L'ennesimo post sul momento che si stà vivendo, ma da un punto di vista che è il fantastico che può essere considerato sbagliato, soggettivo, condivisibile, criticabile, minimalista, minimale, infatile inutile, risibile.

Etc etc.

O come direbbero i Borg, irrillevante.
Irrillevante, ma del tutto in linea con la natura di questo blog.
A quanto pare tutto tutto l'universo "del possibile" sul grande e piccolo schermo, vive un momento di calma piatta.

Una colossale balla?

Ho appena visto il trailer di Pacifc Rim e qualcuno potrebbe suggerirmi di mordermi la lingua, eviterei vaccate varie ma, "bello" mi sono detto, "WoW" mi è lampeggiato nella testa, ma poi un pensiero talmente rapido che sul momento non ci ha fatto caso.

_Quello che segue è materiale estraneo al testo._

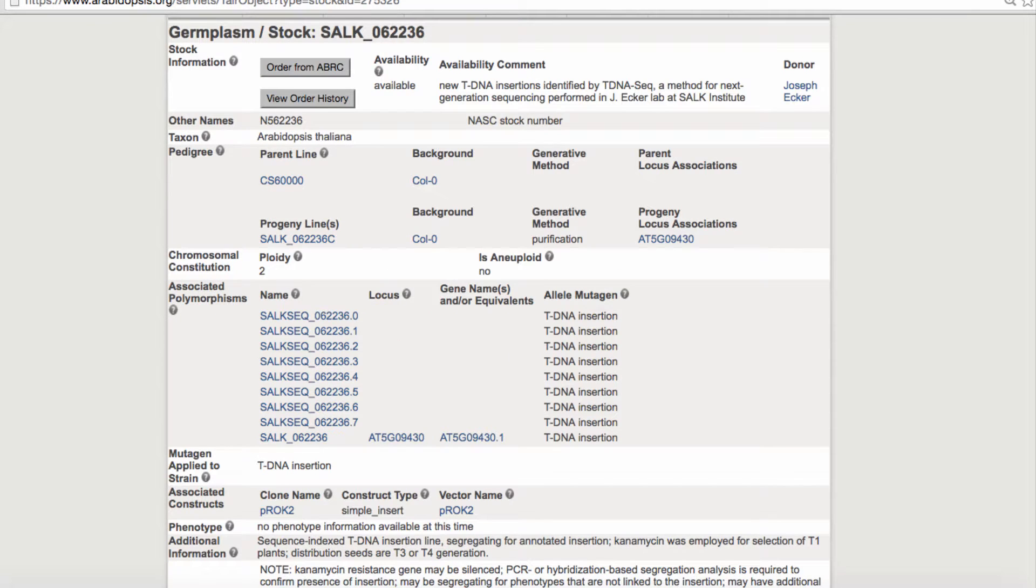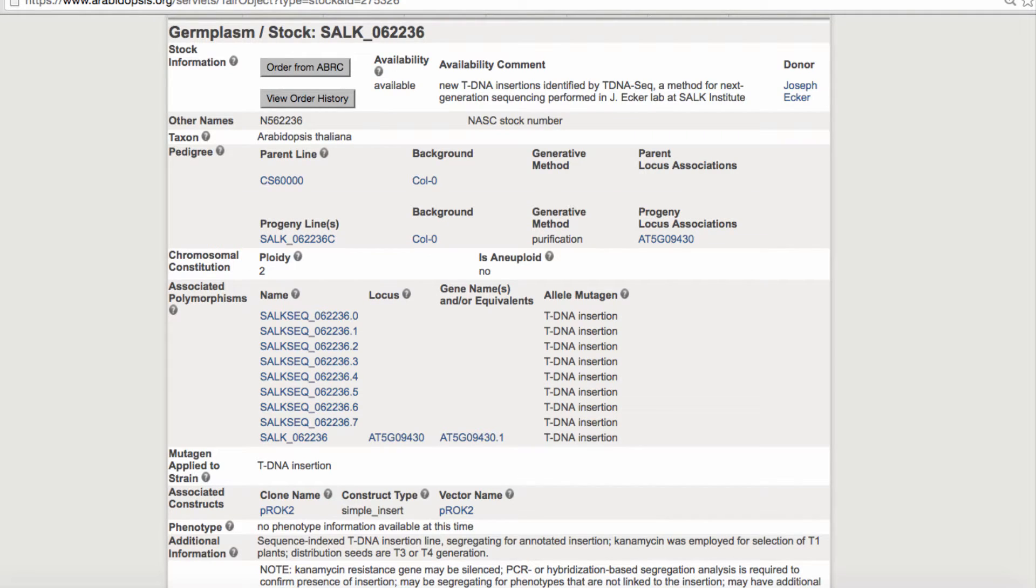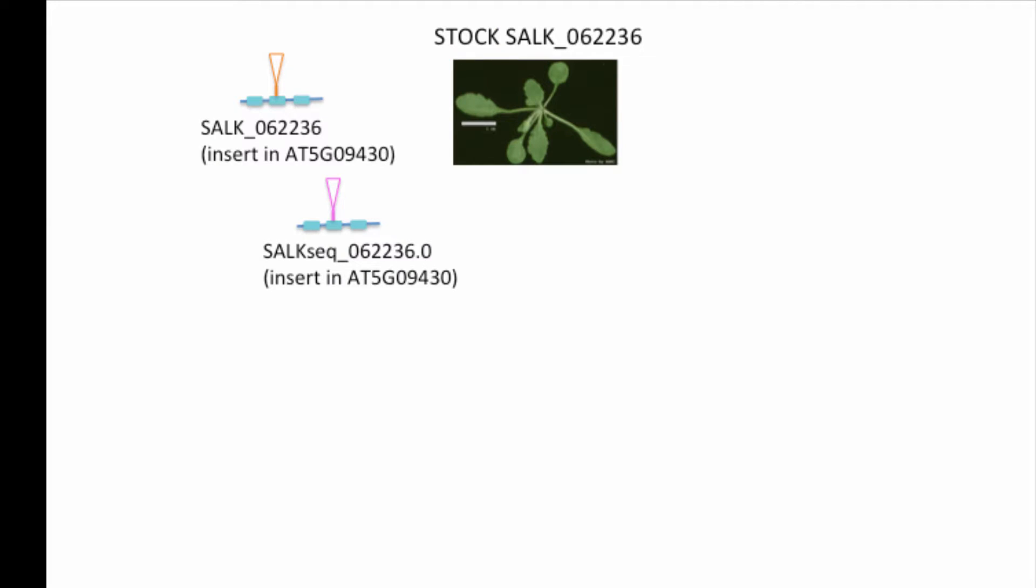You may also notice that there is a purification progeny line shown on the germplasm page. So which line should you order? It all depends on which insertion you're trying to look at. Now if you recall, the parental line had multiple insertions into multiple locations.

Bello, mi pare Godzilla contro Mazinga Z...

E allora mi è venuto voglia di riaprire questo post, scritto mesi fa.

Una bozza di un post in cui scrivevo che...

...poche idee nuove, l'apparente incapacità di riproporre vecchie idee, mentre la maggior parte dei film che escono, nella maggior parte dei casi sembrano solo riedizioni rivedute e corrette di altri film precedenti.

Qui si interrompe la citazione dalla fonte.